- Born: 3 October 1947 Kingston, Jamaica
- Origin: Kingston, Jamaica
- Died: 4 September 2014 (aged 66) Brooklyn, New York, U.S
- Genres: Rocksteady, reggae
- Instrument: Vocals
- Years active: 1960s–2014
- Website: www.songs4lifeministry.com

= Hopeton Lewis =

Jamaican-American singer (1947–2014)

Hopeton Lewis (3 October 1947 – 4 September 2014) was a Jamaican born singer of rocksteady and reggae, an arranger, and radio music presenter.

==Biography==
Lewis was born in Kingston, Jamaica. He sang in church from an early age, and started performing as a youth, forming a singing group called the Regals. By the mid-1960s, he began recording and had one of the earliest rocksteady hits with "Take It Easy" in late 1966. The track was recorded with Lynn Taitt and the Jets, and is regarded as one of the first rocksteady singles. He had several more Jamaican hits in the late 1960s and early 1970s, including the first 'herb' song ever recorded there, "Cool Collie". He worked for Duke Reid as an arranger and backing vocalist, and won the Festival Song Contest in 1970 with "Boom Shaka Lacka". He began working as a singer with Byron Lee & the Dragonaires, and in 1971 had a hit with "Grooving Out on Life".

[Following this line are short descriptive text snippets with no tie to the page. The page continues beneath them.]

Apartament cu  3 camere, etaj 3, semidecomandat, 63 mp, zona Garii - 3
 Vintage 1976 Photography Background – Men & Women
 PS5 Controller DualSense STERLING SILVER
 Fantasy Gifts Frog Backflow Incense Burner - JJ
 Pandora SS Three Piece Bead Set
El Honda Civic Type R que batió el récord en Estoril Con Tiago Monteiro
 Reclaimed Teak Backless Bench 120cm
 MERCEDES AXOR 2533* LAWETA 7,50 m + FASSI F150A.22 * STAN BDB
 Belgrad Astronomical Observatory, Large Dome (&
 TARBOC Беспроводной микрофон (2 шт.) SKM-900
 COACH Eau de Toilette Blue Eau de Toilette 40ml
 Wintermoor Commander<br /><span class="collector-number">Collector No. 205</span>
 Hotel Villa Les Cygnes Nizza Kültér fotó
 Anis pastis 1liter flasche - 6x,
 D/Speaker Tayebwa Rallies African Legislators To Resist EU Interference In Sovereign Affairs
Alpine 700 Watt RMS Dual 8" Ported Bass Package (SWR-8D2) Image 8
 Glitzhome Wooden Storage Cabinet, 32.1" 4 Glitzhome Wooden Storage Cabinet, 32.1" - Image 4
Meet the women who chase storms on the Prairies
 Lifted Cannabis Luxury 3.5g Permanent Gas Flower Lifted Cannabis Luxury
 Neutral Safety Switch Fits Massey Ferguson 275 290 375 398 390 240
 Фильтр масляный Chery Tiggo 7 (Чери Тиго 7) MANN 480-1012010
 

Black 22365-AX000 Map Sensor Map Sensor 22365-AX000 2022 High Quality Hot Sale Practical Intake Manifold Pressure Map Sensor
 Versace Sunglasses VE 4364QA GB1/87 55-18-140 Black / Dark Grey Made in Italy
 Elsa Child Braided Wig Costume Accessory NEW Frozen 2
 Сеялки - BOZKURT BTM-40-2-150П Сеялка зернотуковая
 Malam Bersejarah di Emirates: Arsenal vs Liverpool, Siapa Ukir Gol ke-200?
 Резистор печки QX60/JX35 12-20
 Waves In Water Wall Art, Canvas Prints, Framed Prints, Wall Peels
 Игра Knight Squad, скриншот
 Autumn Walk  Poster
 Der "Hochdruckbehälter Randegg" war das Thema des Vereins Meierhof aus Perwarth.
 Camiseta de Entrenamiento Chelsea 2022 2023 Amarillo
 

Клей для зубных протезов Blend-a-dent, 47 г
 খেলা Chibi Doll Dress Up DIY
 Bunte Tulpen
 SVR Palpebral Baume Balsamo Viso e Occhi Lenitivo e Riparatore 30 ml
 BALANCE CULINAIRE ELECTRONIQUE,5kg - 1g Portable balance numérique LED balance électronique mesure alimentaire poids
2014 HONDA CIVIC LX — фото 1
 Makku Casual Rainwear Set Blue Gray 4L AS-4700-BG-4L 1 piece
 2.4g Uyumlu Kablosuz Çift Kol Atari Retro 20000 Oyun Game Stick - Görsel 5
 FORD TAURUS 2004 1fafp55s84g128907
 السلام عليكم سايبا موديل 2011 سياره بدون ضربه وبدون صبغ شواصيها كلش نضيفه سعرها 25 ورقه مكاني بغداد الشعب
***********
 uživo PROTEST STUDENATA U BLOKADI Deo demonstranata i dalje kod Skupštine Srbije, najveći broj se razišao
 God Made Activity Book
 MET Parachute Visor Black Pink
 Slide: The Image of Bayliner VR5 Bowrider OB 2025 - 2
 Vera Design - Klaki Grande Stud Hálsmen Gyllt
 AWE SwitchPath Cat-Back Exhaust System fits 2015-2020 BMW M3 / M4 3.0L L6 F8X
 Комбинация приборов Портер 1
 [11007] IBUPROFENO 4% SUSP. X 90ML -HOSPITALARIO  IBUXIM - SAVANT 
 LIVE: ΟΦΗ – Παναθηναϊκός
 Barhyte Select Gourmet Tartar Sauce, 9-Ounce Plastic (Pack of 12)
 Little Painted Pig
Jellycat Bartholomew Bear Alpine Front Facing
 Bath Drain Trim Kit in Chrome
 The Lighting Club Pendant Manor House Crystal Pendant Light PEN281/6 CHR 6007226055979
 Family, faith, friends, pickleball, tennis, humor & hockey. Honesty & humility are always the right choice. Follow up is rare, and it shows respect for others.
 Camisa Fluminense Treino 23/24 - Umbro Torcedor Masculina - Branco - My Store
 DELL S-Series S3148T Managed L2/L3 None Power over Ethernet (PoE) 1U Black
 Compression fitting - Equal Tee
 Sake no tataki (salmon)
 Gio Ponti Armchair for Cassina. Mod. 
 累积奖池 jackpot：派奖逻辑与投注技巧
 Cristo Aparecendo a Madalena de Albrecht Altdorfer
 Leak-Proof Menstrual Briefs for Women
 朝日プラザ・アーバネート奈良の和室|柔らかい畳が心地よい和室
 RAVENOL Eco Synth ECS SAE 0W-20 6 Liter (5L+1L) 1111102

Lewis continued to release records, but his success after the early 1970s was limited. Lewis released This Is Gospel in 1996 on his own label, Bay City Music, founded in the 1980s. Much of his later work was in the gospel genre, including Reaching Out to Jesus (2000).

He lived the later period of his life in Brooklyn, New York, where he presented a show on Grace Deliverance Radio.

Lewis died on 4 September 2014 at his home in Brooklyn, aged 66, after suffering kidney failure.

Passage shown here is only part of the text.